__Data to use__:
--

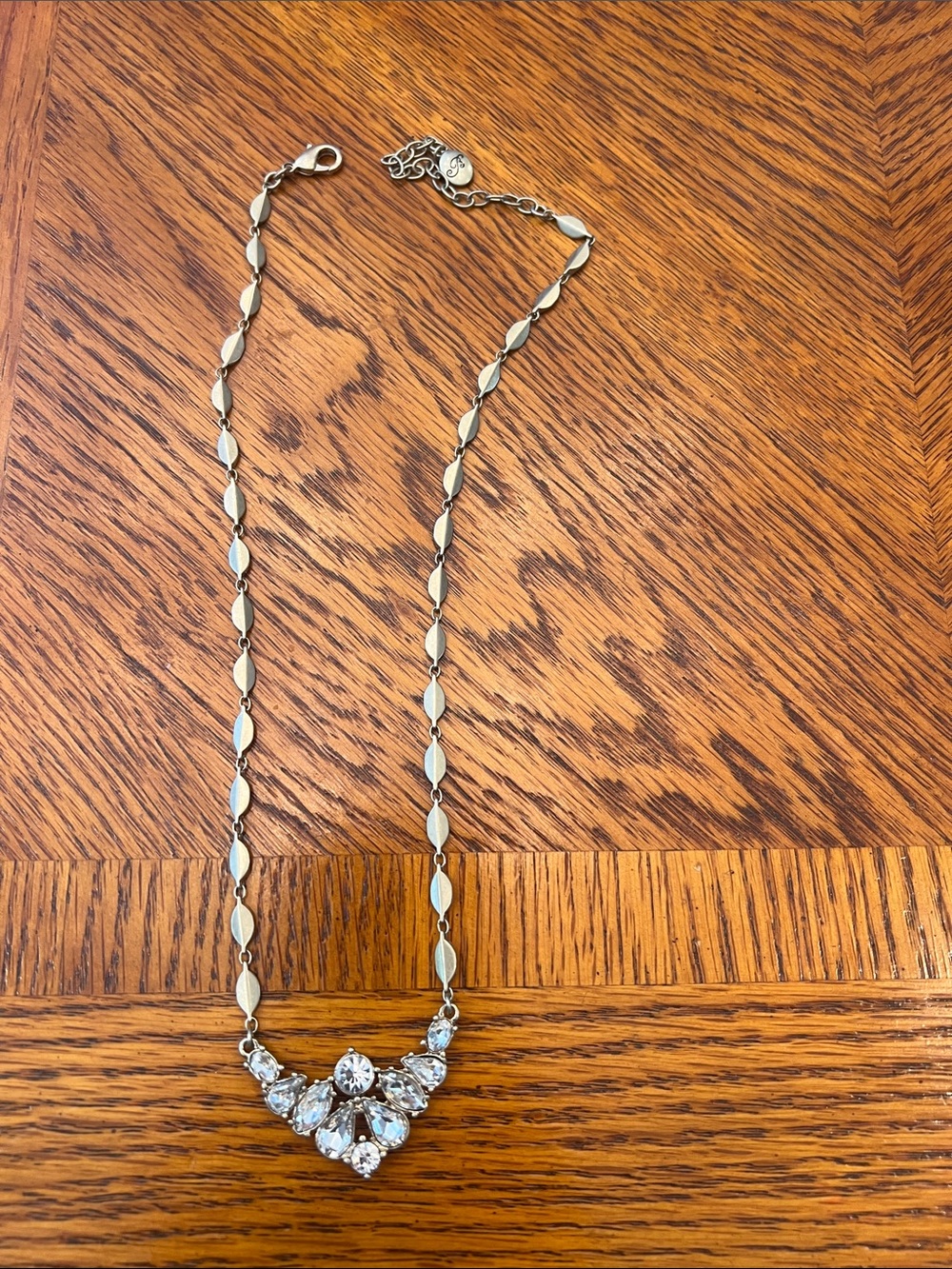 Brighton Silver-Tone Clear Crystal Teardrop Bib Necklace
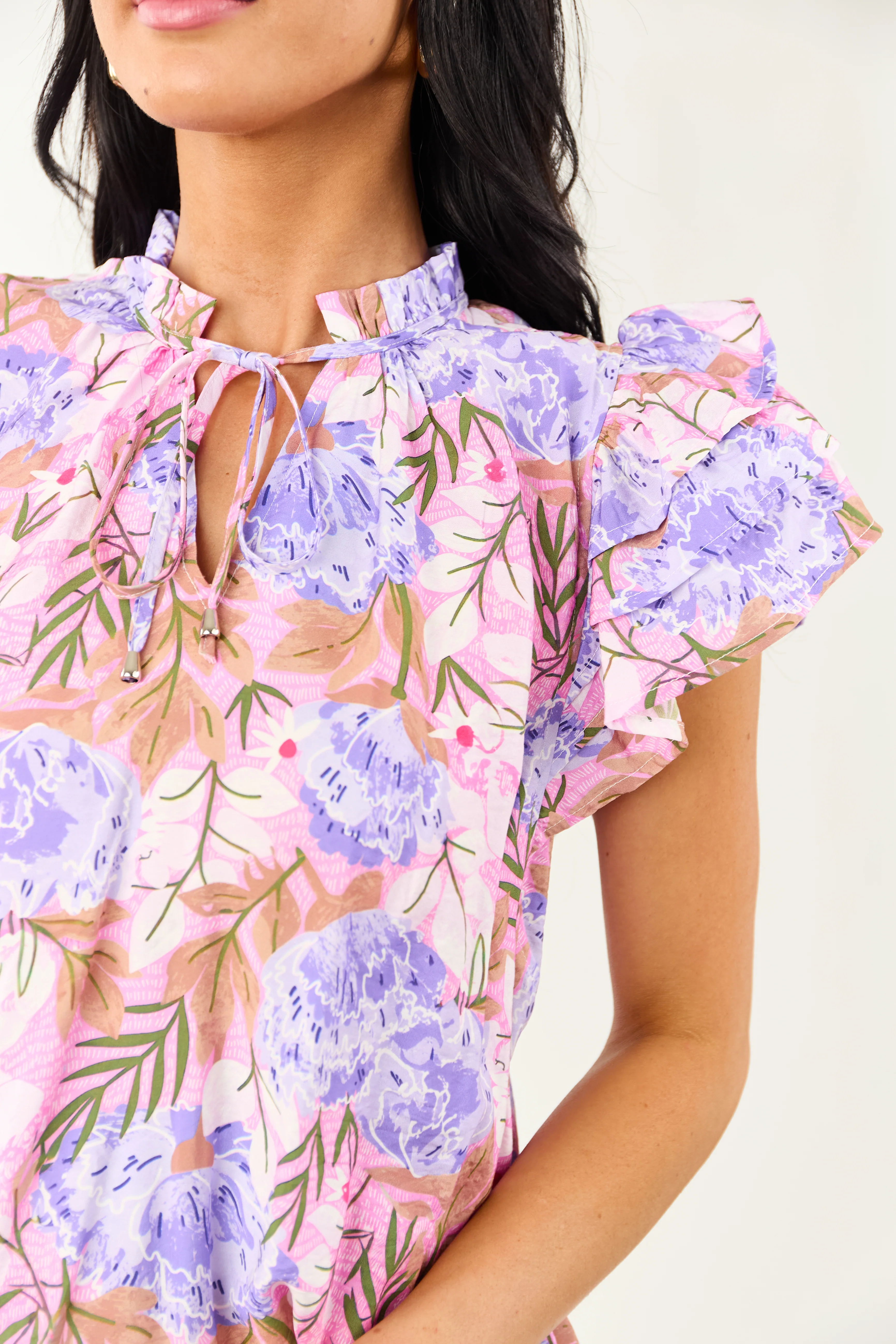 Bubblegum Floral Print Ruffle Short Sleeve Top - Image 7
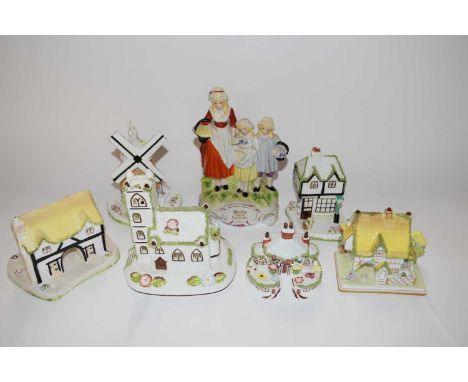 Group of cottages by Coalport including village Church, The Masters House etc together with a Yardley Lavender figure and a m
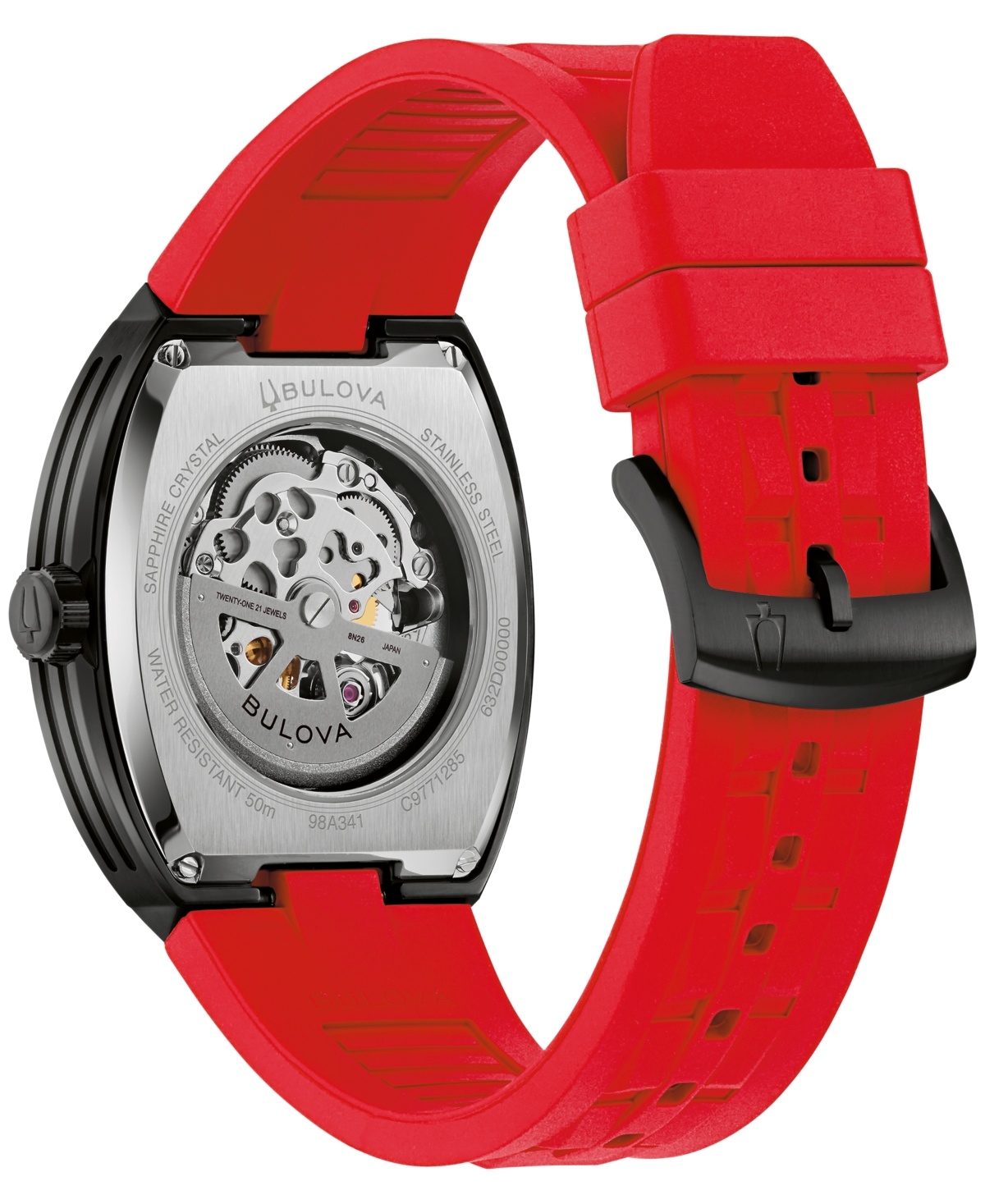 Bulova Men's Automatic Maquina Red Silicone Rubber Watch 40mm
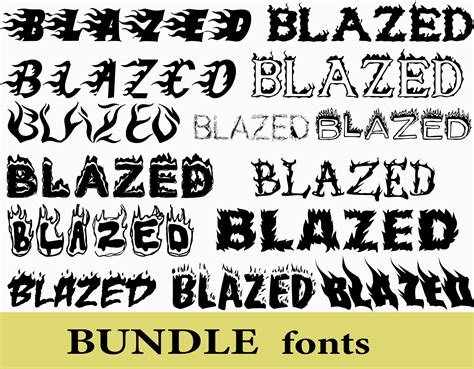 Fire Font Flame Font Bundle 14 Fonts Font For Cricut Silhouette Font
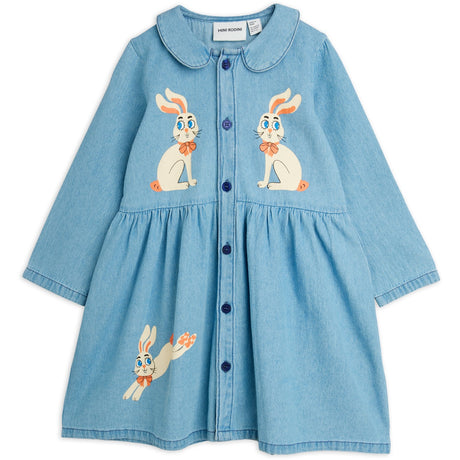 Mini Rodini Blue Lw Denim Rabbit Sp Woven Kjole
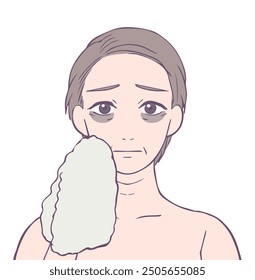 Middle female upper body with dark circles and troubled face, Beauty Illustration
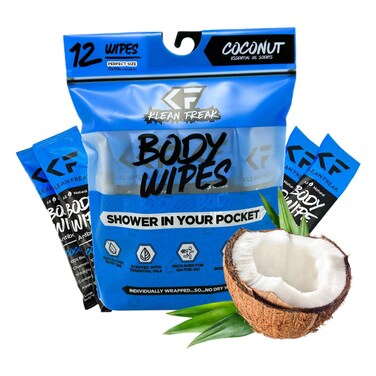 Klean Freak Body Wipes, Coconut, 11x11 inch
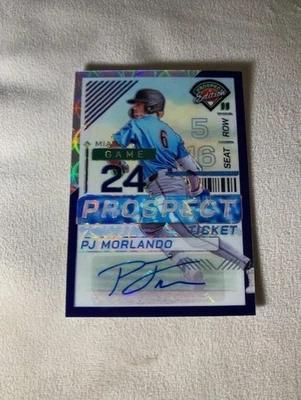 PJ Morlando 2024 Panini Prospect Edition Holo Chrome Purple Scope Auto RC SP - Image 1 of 2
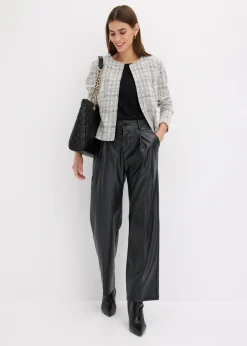 bonprix bonprix Cárdigan de mezcla de algodón Negro-blanco lana Sale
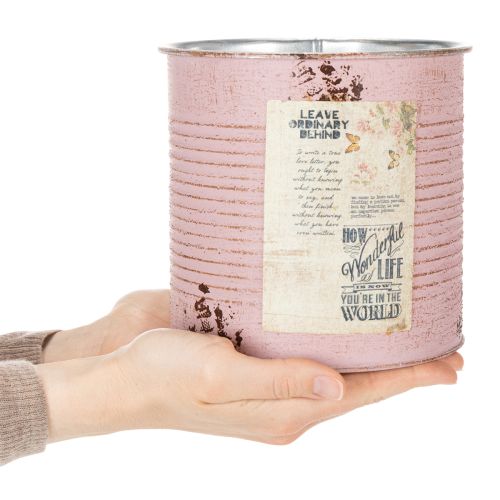 Artikel Bloempot, antieke roos, decoratieve metalen doos, vintage, Ø15,5 cm H15 cm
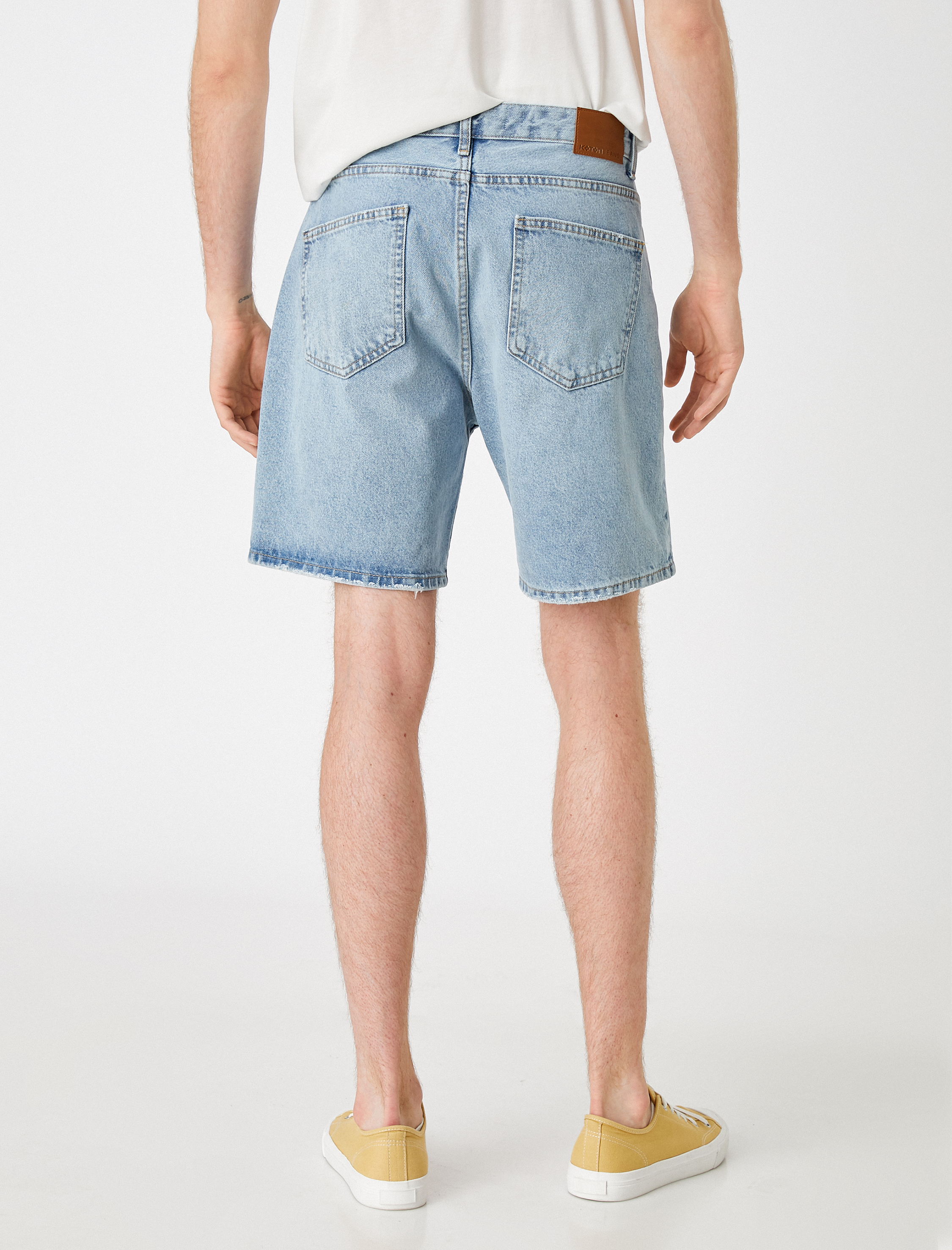   Baskılı Jean Şort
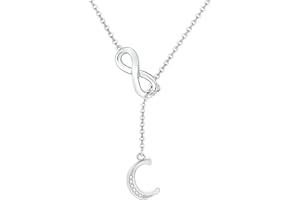 SAMINO Colliers pour Femmes,Collier Illimité Lettres A-Z Initiales Réglable 47+4.5cm pour Femmes Filles Sœurs Amies Fête des Mères Cadeau Maman Cadeaux D'anniversaire Noël Remise Diplôme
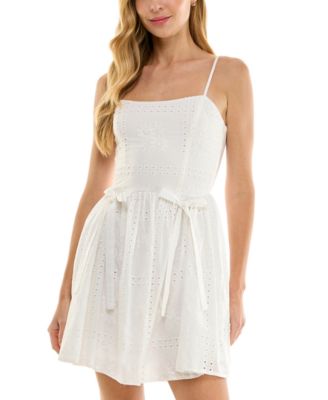 SENI & CADE - Juniors' Bow-Detail Eyelet Mini Dress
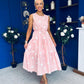Samantha Tiered Midi Dress Polka Pink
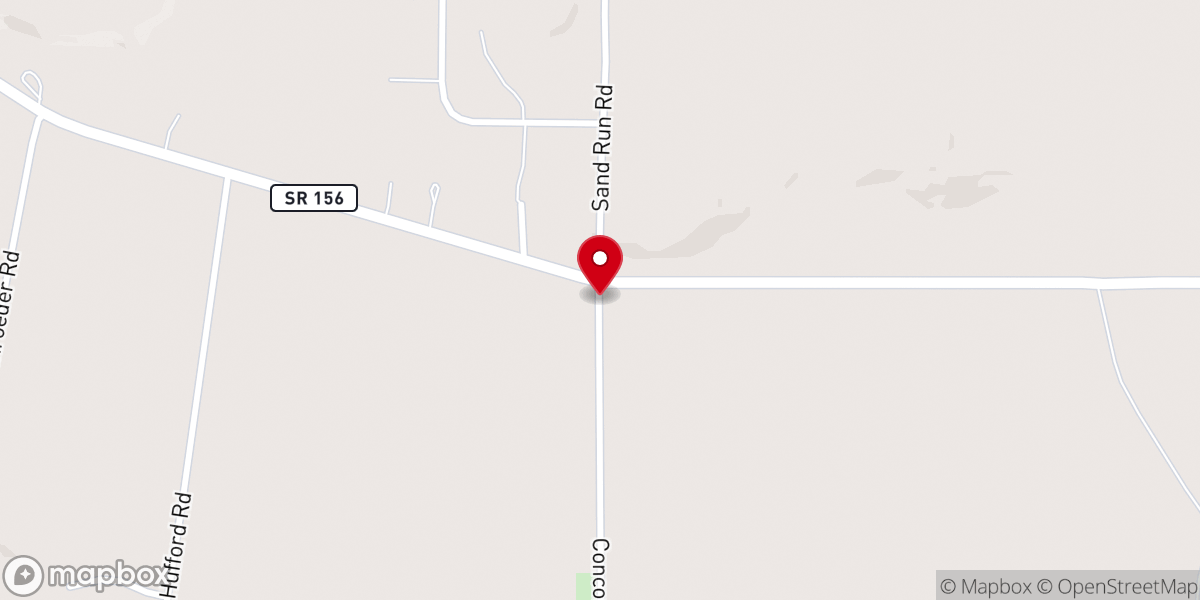 Map showing location of Concord Community Church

--

__Activity__: Give the data again word for word, without pictures.

__Solution to this task__:
 Brighton Silver-Tone Clear Crystal Teardrop Bib Necklace
 Bubblegum Floral Print Ruffle Short Sleeve Top - Image 7
 Group of cottages by Coalport including village Church, The Masters House etc together with a Yardley Lavender figure and a m
 Bulova Men's Automatic Maquina Red Silicone Rubber Watch 40mm
 Fire Font Flame Font Bundle 14 Fonts Font For Cricut Silhouette Font
 Mini Rodini Blue Lw Denim Rabbit Sp Woven Kjole
 Middle female upper body with dark circles and troubled face, Beauty Illustration
 Klean Freak Body Wipes, Coconut, 11x11 inch
 PJ Morlando 2024 Panini Prospect Edition Holo Chrome Purple Scope Auto RC SP - Image 1 of 2
 bonprix bonprix Cárdigan de mezcla de algodón Negro-blanco lana Sale
 Artikel Bloempot, antieke roos, decoratieve metalen doos, vintage, Ø15,5 cm H15 cm
   Baskılı Jean Şort
 SAMINO Colliers pour Femmes,Collier Illimité Lettres A-Z Initiales Réglable 47+4.5cm pour Femmes Filles Sœurs Amies Fête des Mères Cadeau Maman Cadeaux D'anniversaire Noël Remise Diplôme
 SENI & CADE - Juniors' Bow-Detail Eyelet Mini Dress
Samantha Tiered Midi Dress Polka Pink
 Map showing location of Concord Community Church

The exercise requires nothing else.